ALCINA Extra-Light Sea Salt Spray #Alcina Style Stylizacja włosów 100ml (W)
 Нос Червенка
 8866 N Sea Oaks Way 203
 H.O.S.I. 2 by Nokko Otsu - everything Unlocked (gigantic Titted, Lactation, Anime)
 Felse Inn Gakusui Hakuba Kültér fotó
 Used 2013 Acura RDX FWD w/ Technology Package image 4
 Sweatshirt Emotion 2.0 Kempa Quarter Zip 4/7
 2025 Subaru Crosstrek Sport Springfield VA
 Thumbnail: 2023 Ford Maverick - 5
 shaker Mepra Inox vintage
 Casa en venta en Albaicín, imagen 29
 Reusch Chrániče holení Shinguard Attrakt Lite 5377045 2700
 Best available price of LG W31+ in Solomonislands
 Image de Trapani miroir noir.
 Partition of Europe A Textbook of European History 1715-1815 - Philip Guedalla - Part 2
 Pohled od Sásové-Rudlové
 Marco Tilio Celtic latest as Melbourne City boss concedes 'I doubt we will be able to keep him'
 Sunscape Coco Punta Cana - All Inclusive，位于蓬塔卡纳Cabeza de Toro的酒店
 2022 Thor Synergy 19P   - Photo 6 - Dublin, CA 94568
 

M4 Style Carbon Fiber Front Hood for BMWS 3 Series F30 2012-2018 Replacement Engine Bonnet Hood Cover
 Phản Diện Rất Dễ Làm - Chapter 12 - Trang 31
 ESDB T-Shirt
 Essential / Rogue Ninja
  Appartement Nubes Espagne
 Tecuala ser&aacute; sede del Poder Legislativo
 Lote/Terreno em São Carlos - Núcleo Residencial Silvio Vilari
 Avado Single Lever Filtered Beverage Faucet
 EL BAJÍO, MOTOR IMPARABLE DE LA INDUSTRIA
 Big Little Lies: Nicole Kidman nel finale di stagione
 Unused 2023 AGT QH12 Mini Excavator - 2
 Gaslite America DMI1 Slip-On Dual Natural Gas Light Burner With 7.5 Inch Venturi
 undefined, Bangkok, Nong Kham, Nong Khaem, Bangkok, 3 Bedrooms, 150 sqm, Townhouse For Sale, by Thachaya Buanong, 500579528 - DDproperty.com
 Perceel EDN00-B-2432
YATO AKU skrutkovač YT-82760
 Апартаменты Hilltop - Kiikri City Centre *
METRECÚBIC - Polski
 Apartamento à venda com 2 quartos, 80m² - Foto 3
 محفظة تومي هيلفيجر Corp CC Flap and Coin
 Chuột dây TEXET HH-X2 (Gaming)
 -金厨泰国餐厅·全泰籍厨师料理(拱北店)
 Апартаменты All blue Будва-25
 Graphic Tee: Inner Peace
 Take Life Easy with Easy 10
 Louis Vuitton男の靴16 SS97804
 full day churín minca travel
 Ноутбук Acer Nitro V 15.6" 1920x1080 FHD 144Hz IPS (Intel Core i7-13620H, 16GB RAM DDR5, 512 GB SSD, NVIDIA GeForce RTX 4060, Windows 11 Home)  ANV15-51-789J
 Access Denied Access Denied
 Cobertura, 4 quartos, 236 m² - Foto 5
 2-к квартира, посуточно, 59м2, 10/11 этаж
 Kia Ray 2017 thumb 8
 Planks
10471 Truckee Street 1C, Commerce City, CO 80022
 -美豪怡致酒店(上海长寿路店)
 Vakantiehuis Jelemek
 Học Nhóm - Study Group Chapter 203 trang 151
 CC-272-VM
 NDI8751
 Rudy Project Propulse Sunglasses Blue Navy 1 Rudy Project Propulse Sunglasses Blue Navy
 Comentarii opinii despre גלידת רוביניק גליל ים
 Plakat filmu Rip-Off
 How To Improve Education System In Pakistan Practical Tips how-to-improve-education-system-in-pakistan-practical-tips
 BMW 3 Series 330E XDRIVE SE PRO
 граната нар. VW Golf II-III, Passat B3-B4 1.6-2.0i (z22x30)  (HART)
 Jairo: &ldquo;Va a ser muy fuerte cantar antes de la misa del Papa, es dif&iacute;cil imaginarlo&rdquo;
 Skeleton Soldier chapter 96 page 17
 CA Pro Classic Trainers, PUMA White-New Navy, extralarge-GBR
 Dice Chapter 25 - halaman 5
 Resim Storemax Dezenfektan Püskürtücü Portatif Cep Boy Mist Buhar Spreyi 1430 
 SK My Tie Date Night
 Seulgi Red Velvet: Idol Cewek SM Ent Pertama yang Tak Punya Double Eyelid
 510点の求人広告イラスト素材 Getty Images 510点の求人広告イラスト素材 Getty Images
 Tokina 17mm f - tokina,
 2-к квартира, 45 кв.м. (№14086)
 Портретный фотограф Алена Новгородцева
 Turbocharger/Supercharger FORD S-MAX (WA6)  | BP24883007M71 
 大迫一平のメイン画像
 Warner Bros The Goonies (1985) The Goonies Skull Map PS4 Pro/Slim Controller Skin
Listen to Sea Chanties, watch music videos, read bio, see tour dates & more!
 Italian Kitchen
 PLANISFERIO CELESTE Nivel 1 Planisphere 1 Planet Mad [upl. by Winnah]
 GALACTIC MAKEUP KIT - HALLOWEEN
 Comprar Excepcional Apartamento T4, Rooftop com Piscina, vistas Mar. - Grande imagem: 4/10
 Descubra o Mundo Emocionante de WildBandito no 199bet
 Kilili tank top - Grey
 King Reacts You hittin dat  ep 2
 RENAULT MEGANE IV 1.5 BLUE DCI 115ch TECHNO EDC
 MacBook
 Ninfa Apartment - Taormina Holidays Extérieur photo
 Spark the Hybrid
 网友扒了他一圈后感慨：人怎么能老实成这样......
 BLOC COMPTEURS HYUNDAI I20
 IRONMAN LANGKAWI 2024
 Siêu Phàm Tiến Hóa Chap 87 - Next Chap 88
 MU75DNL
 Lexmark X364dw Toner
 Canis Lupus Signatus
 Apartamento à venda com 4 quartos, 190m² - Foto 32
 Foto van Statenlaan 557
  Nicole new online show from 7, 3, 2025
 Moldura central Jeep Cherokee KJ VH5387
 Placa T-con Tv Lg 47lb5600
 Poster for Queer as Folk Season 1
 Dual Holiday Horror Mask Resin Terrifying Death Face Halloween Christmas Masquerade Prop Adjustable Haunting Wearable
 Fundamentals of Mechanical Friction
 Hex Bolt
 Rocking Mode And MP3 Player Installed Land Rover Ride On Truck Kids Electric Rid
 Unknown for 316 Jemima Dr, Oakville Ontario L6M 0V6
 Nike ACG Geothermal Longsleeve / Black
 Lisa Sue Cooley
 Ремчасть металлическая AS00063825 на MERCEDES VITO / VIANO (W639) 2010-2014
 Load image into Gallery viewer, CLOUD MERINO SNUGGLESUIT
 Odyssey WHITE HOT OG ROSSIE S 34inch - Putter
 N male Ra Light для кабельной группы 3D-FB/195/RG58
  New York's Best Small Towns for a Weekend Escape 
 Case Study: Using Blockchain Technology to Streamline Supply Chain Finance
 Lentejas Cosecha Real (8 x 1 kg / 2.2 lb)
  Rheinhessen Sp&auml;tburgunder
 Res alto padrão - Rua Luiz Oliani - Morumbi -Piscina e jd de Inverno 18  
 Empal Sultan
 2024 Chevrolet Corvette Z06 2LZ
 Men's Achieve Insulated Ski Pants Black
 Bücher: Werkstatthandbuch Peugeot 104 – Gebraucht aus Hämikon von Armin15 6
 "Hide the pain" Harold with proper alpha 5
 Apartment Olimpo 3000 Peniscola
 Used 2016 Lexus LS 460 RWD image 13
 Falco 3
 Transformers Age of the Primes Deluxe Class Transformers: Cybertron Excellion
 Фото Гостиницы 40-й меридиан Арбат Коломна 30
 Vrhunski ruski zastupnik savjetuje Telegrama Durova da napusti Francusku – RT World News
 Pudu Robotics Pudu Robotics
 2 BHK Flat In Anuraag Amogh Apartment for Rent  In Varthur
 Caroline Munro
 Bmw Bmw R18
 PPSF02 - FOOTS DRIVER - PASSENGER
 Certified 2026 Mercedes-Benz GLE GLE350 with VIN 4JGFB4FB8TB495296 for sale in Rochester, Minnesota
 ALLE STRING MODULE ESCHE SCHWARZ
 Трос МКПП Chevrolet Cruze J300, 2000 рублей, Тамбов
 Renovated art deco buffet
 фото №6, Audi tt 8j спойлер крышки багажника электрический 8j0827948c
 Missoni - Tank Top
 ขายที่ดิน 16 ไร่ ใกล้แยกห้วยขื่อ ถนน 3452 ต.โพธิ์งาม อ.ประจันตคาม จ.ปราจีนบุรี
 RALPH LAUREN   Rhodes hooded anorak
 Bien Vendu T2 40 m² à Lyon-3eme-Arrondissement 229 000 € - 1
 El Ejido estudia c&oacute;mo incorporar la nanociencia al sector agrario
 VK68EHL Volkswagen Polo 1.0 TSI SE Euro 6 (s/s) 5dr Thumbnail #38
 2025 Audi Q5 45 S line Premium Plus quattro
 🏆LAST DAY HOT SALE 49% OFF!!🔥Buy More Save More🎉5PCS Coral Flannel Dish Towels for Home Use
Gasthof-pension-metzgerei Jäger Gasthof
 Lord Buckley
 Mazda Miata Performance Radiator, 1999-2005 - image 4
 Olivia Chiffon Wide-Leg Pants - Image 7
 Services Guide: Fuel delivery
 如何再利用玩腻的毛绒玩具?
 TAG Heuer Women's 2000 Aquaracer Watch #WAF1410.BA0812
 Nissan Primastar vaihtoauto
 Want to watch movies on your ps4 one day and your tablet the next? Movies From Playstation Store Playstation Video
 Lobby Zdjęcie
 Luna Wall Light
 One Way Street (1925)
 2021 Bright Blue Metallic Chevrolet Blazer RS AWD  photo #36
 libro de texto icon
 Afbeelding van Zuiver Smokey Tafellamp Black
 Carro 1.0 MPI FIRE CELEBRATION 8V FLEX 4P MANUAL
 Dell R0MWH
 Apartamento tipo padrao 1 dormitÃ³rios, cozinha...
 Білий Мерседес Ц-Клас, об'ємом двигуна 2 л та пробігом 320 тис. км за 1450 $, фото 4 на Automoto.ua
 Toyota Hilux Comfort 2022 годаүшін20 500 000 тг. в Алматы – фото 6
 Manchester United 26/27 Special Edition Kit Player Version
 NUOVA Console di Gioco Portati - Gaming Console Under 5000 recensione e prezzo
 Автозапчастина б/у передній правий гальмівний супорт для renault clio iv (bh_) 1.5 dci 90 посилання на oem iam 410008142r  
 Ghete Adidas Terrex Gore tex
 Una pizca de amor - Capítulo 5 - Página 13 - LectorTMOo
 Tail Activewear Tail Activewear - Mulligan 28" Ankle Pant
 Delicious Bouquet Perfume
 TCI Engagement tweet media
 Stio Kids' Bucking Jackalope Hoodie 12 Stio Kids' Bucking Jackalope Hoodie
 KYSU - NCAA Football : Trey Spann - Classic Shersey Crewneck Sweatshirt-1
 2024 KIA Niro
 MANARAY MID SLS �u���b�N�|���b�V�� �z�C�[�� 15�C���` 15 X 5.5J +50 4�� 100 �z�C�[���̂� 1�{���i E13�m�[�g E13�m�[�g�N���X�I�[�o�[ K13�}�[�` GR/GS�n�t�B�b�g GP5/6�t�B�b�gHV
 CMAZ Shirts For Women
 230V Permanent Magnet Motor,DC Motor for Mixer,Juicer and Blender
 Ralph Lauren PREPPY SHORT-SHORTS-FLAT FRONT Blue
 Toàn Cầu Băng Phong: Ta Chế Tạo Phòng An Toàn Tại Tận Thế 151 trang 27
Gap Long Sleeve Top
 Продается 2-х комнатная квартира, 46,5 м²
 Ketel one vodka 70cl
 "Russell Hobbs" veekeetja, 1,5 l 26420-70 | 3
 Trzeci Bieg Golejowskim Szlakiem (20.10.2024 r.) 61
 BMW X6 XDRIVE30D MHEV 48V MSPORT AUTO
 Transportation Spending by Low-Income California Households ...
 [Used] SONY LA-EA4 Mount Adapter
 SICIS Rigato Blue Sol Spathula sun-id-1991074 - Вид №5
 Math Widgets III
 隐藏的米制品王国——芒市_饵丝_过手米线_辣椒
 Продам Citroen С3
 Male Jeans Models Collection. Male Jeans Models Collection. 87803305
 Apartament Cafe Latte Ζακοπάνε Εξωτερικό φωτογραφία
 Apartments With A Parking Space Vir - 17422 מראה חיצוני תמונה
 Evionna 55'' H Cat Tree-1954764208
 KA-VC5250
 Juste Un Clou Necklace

────────────────────

YOUR INSTRUCTIONS =>
Please output only the lines from the first line of the entries through the line with "Reusch Chrániče holení", both included, exactly as written.

RESPONSE BOX =>
ALCINA Extra-Light Sea Salt Spray #Alcina Style Stylizacja włosów 100ml (W)
 Нос Червенка
 8866 N Sea Oaks Way 203
 H.O.S.I. 2 by Nokko Otsu - everything Unlocked (gigantic Titted, Lactation, Anime)
 Felse Inn Gakusui Hakuba Kültér fotó
 Used 2013 Acura RDX FWD w/ Technology Package image 4
 Sweatshirt Emotion 2.0 Kempa Quarter Zip 4/7
 2025 Subaru Crosstrek Sport Springfield VA
 Thumbnail: 2023 Ford Maverick - 5
 shaker Mepra Inox vintage
 Casa en venta en Albaicín, imagen 29
 Reusch Chrániče holení Shinguard Attrakt Lite 5377045 2700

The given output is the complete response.